**TRY IT**
Retype the entries below exactly, dropping the images.

**Short web captions**
-- Opening Marker --

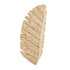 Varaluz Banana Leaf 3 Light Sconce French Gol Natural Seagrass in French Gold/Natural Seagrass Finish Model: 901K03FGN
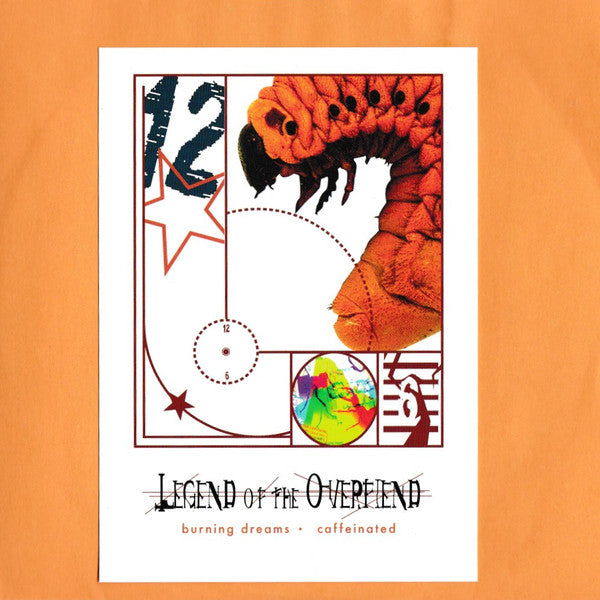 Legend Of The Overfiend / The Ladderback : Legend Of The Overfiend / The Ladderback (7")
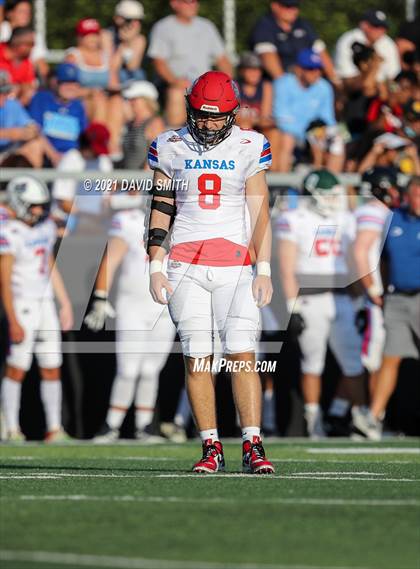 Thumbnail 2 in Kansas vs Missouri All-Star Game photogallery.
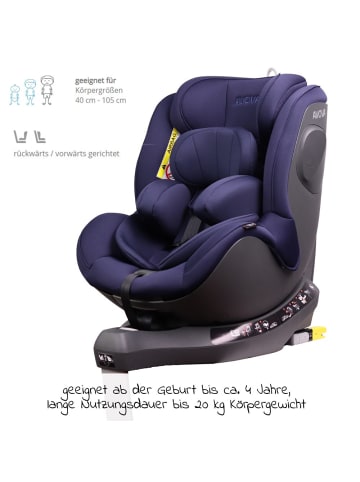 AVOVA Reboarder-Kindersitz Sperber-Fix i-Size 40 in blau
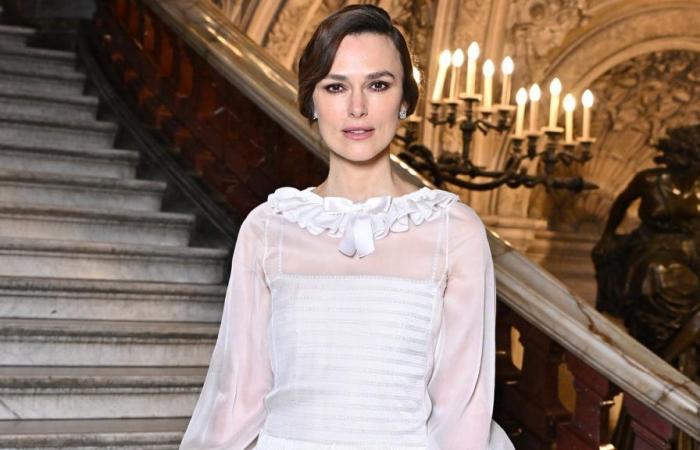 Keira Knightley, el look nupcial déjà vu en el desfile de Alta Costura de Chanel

-- Closing Marker --

**FINISHED EXERCISE**
 Varaluz Banana Leaf 3 Light Sconce French Gol Natural Seagrass in French Gold/Natural Seagrass Finish Model: 901K03FGN
 Legend Of The Overfiend / The Ladderback : Legend Of The Overfiend / The Ladderback (7")
 Thumbnail 2 in Kansas vs Missouri All-Star Game photogallery.
 AVOVA Reboarder-Kindersitz Sperber-Fix i-Size 40 in blau
 Keira Knightley, el look nupcial déjà vu en el desfile de Alta Costura de Chanel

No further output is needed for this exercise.